Curtin University of Technology v Woods Bagot Pty Ltd [2012] WASC


The Western Australian Supreme Court recently considered whether the Western Australian proportionate liability regime, as provided for in part 1F of the Civil Liability Act 2002 (WA) (Civil Liability Act), applies to commercial arbitrations. Whilst the Court held that the proportionate liability regime does not apply to commercial arbitrations by force of the provisions within the Act itself, the court left open the possibility that arbitration agreements could expressly (or by implication) incorporate a term allowing the arbitrator to apply the principles of proportionate liability.


Curtin University of Technology (Curtin University) and Woods Bagot Pty Ltd (Woods Bagot) were engaged in a dispute that arose from a construction contract. The contract required that any dispute between them be determined by way of arbitration. During the arbitration, Woods Bagot asserted that the arbitrator should apply the principles of proportionate liability as provided for by the Civil Liability Act. Curtin University argued that proportionate liability could not be invoked in arbitration proceedings.


The Supreme Court concluded that the proportionate liability regime did not apply to arbitrations for the following reasons:

  • the natural and ordinary meaning of the language used in part 1F of the Civil Liability Act, particularly the numerous references to ‘court’, ‘action’, ‘proceedings’, ‘judgment’ and ‘action for damages’, does not comfortably encompass arbitrations;
  • there is no applicable authority which extends the meaning of ‘court’ to include arbitrations;
  • unlike other Western Australian legislation, there is no provision expressly extending the operation of part 1F of the Civil Liability Act to arbitrations and it is open to reason that the parliament therefore did not intend to extend its operation in this way;
  • that arbitrators cannot facilitate the joinder of parties to a dispute other than by consent is a “weighty consideration in militating against” the argument that the proportionate liability regime applies to arbitration proceedings as this is a key power provided to the courts in the proportionate liability regime pursuant to section 5AN of the Civil Liability Act; and
  • section 22 of the Commercial Arbitration Act, requires that arbitrations be conducted according to law and the term “according to law”, in the absence of any authority to the contrary, means “according to the principles of common law” (as held in South Australian Superannuation Fund Investment Trust v Leighton Contractors Pty Ltd (1996) 66 SASR 509).

The Supreme Court left unanswered whether proportionate liability could apply to a commercial arbitration in circumstances where this was provided for expressly or impliedly in the arbitration agreement between the parties.

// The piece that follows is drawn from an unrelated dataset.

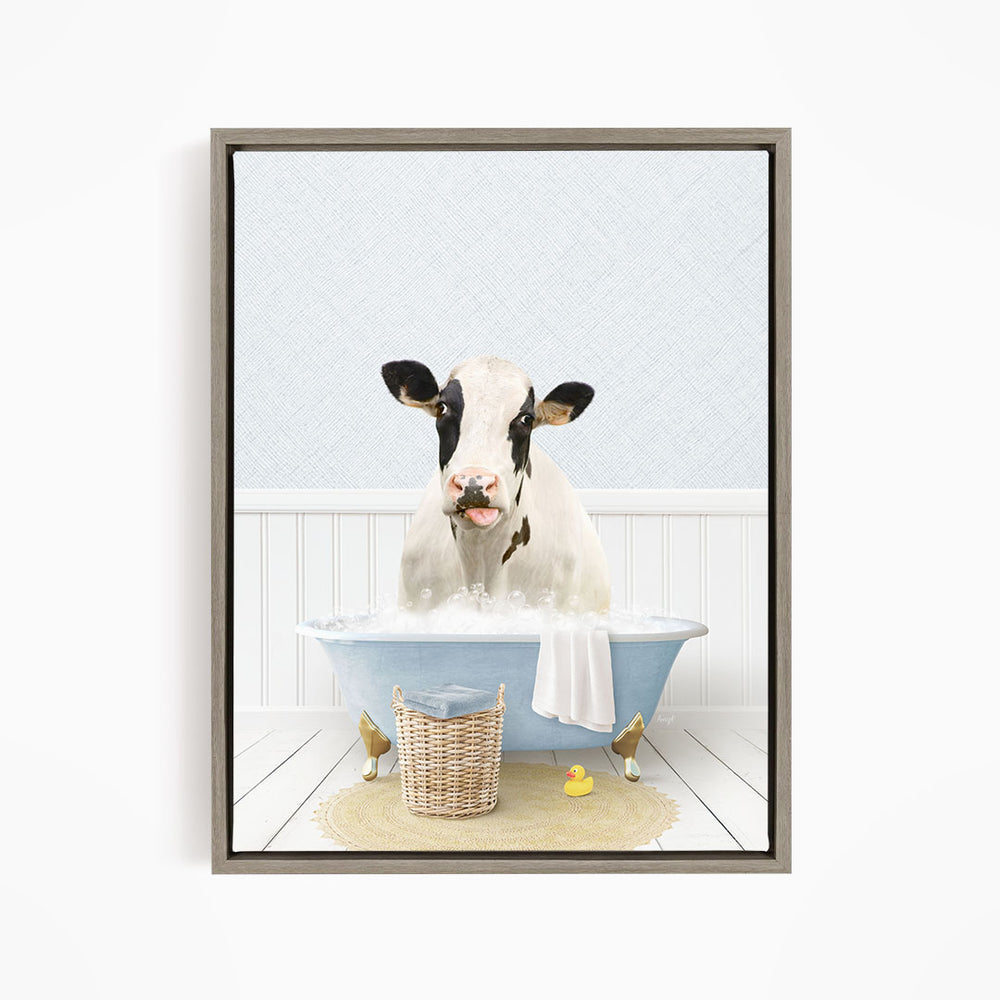 A black and white cow is sitting in a blue bathtub filled with water, surrounded by a basket of rubber ducks and a towel.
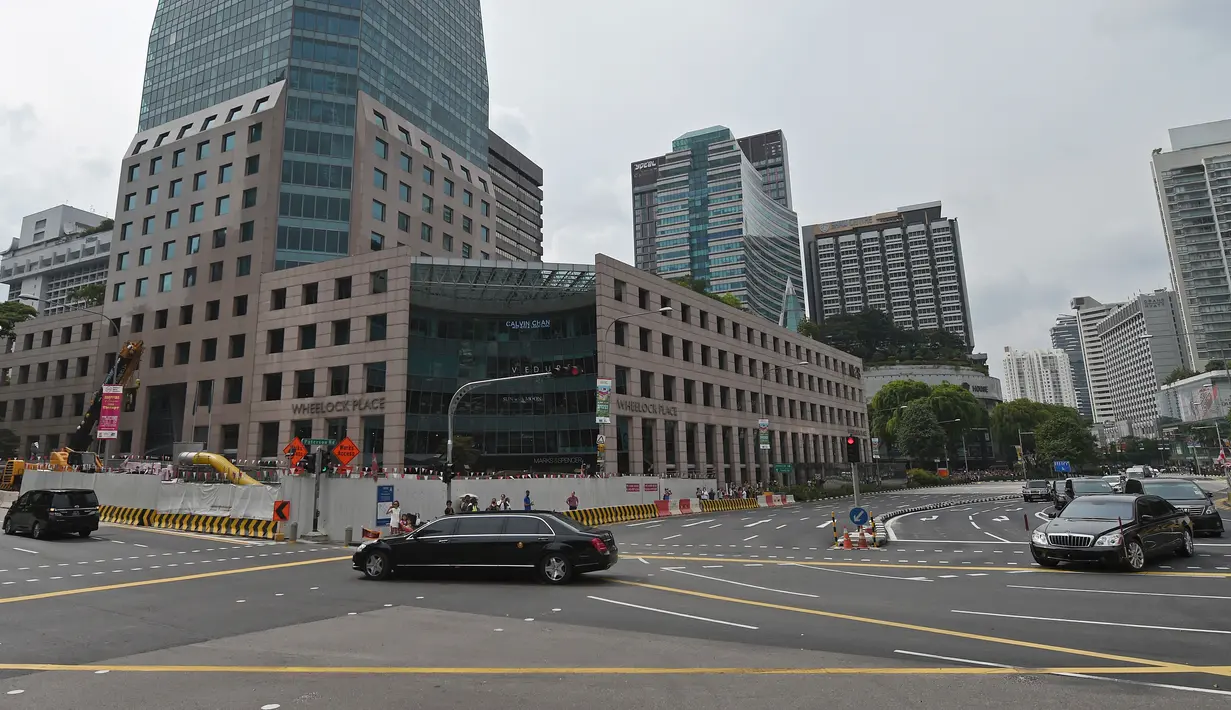Iring-iringan mobil yang diyakini membawa pemimpin Korea Utara Kim Jong-un melewati Orchard Road menuju St Regis Hotel di Singapura, Minggu (10/6). Kedatangan Kim menjelang pertemuan bersejarah dengan Donald Trump pada Selasa mendatang. (AP/Joseph Nair)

The implementation of a uniform proportionate liability regime across the states and territories of Australia is on the agenda of the Standing Council on Law and Justice. In September 2011 the (then) Standing Committee of Attorneys-General released a Consultation Paper in which it recommended that the definition of “court” include arbitrations. Whether the model provisions adopt this definition remains to be seen.